Weekly Feature



2018-08-08 / Editorial

Tonawanda Coke shutdown is best for majority

Bee Editorial

Tonawanda Coke must go. It’s a sentiment that’s been repeated by residents and Town of Tonawanda officials in recent weeks, following a cease-and-desist order that the state Department of Environmental Conservation sent to the company on July 20.

The order, authored by DEC Commissioner Basil Seggos, demanded that the company immediately halt ongoing violations of environmental conservation law and associated regulations at its plant in Tonawanda and indicated that the DEC was moving to revoke the company’s Title V and Air State Facility permits associated with the plant.

Tonawanda Coke Corp. had until Aug. 4 to respond to the order and did so by requesting a hearing. The company also responded in writing on the day the order was sent, arguing that it has been “diligent- ly working on a long-term solution” to issues that were caused by the collapse of the facility’s waste heat air tunnel.
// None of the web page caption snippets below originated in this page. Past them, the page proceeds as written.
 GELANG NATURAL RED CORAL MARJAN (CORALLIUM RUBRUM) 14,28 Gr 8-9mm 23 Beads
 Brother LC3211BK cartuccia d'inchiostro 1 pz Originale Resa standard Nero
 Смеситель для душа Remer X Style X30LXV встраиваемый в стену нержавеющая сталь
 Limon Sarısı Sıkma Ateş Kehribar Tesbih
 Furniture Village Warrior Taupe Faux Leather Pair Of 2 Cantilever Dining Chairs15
The company said it was informing the DEC of its efforts and of a long-term compliance plan it would be implementing in the near future.

How long will Western New Yorkers who live downwind of the plant have to wait before harmful emissions are curbed?
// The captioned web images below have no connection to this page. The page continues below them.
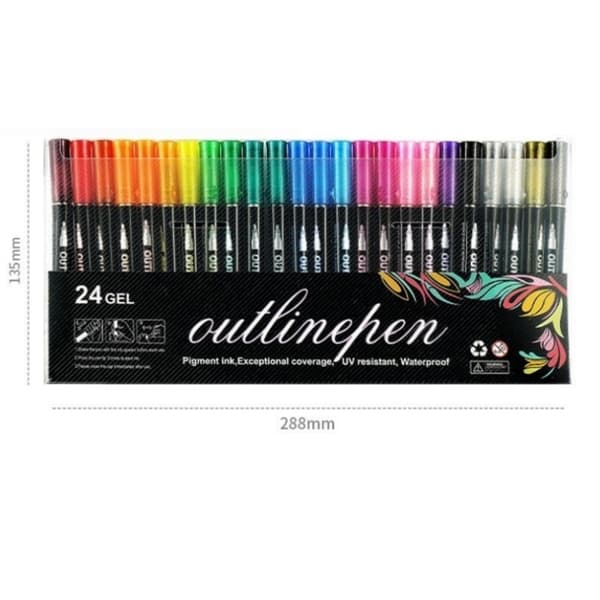 24-Pack Glitter Pens - Metallic Outline Pens with Double Line 24 Färger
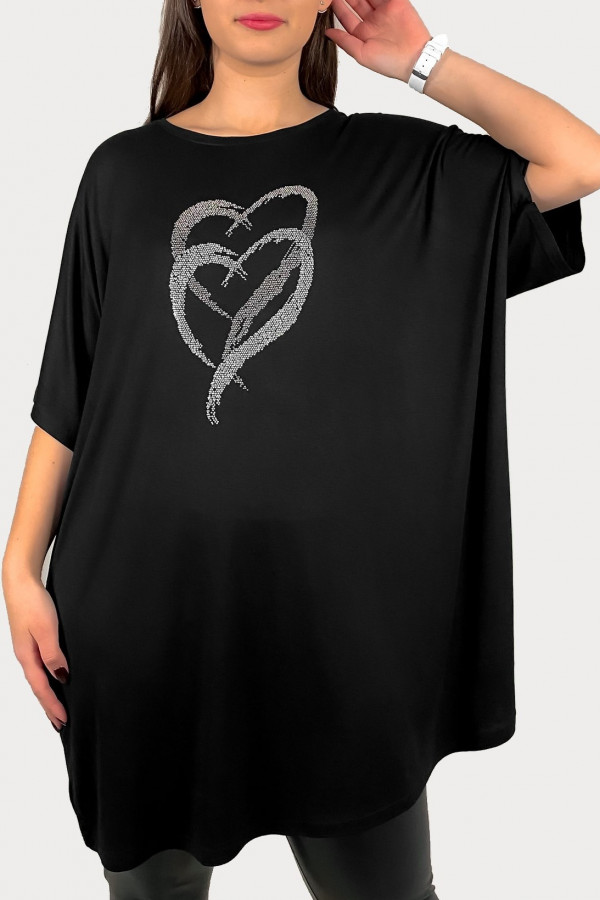 Tunika plus size luźna bluzka z wiskozy w kolorze czarnym print dżety serce Corazon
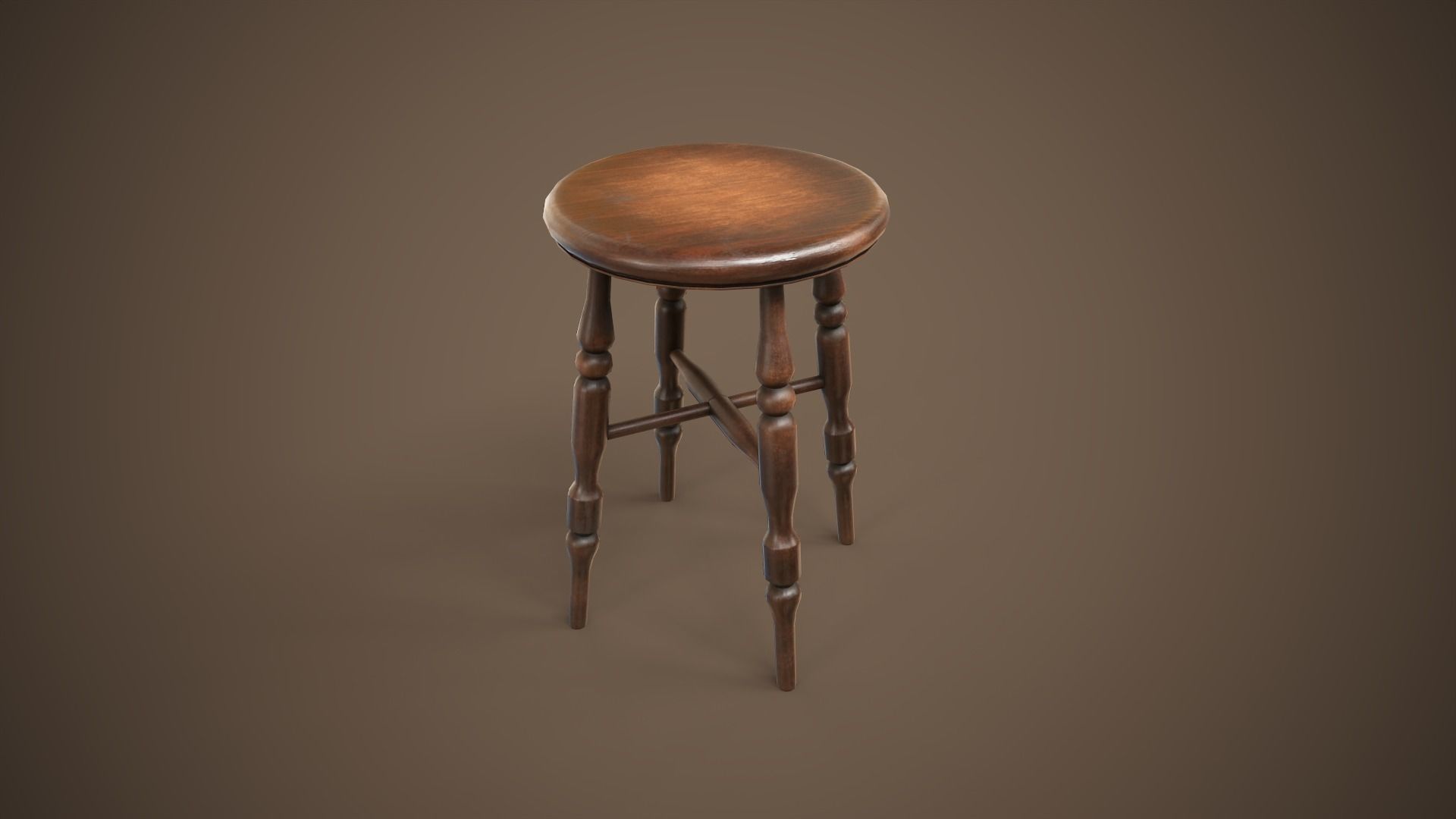 Set of vintage tables and chairs 3D Model Collection_6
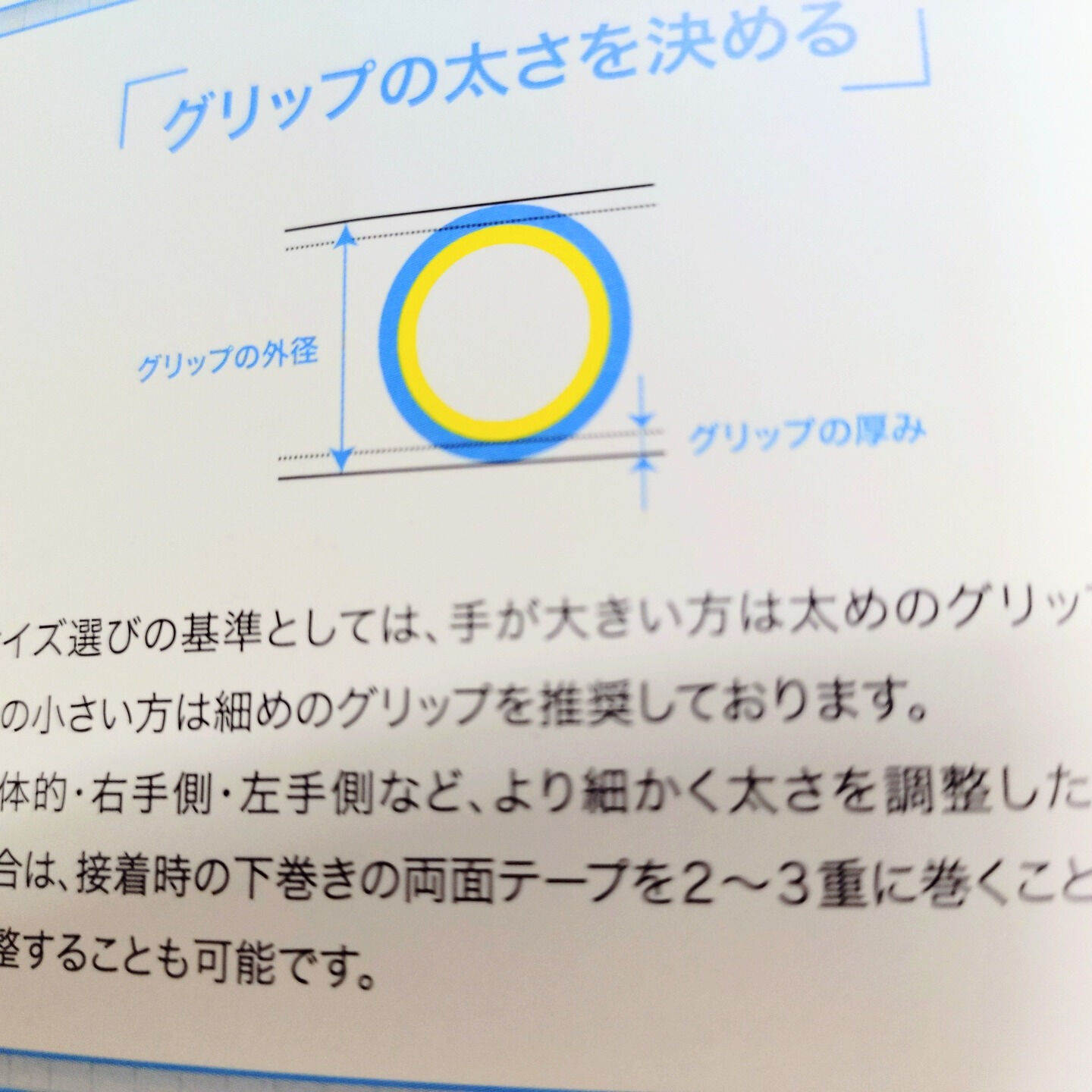【グリップの太さの選び方】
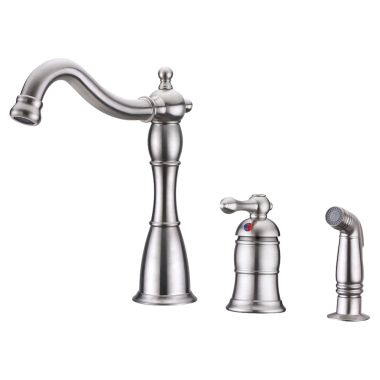 Click here to see Ultra Faucets UF11043 Ultra Faucets Prime Single Handle Kitchen Faucet w/ Side Spray, 3 Hole, Stainless - UF11043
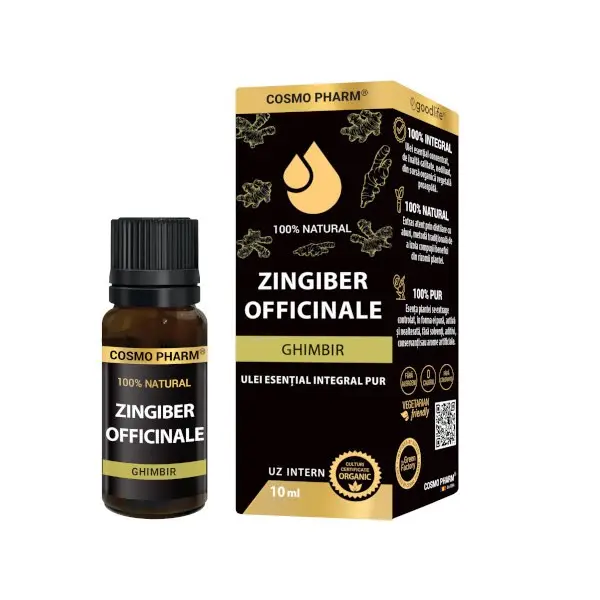 Simple - Ulei esential integral pur de Ghimbir (Zinziber officinale) 10ml, uz intern, 100% natural, Cosmopharm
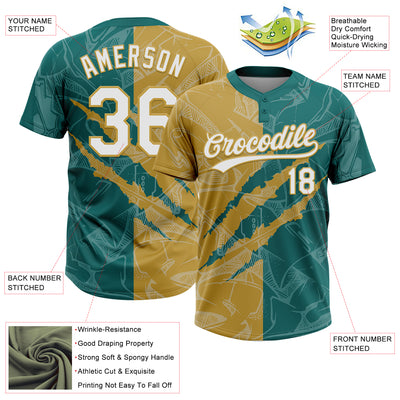 Custom Graffiti Pattern White Teal-Old Gold 3D Scratch Two-Button Unisex Softball Jersey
During a meeting last week, Town of Tonawanda Supervisor Joseph Emminger said “the welcome mat is worn out” for Tonawanda Coke, and the DEC must do something to take action against the company’s numerous environmental violations, which reportedly total 176 since January.

In a recent column, Emminger noted that local activist Jackie James-Creedon of Citizen Science Community Resources has repeatedly said of Tonawanda Coke Corp., “We gave them a chance and we can’t trust them and we want them gone.” State Sen. Chris Jacobs and Carima El-Behairy, the endorsed Democratic candidate running against him for the 60th Senate District, have taken a similar stance.

In prepared statements, they argued that Tonawanda Coke has exhibited “willful neglect of the law” and has put profits ahead of the health and safety of its employees and the residents of Grand Island and the Tonawandas.

We agree with Emminger, James-Creedon, Jacobs and El-Behairy. Tonawanda Coke has had its chances to curb emissions, and now is the time to shut down the plant and either correct the violations once and for all or close the plant permanently. The residents of Tonawanda can’t afford to wait any longer.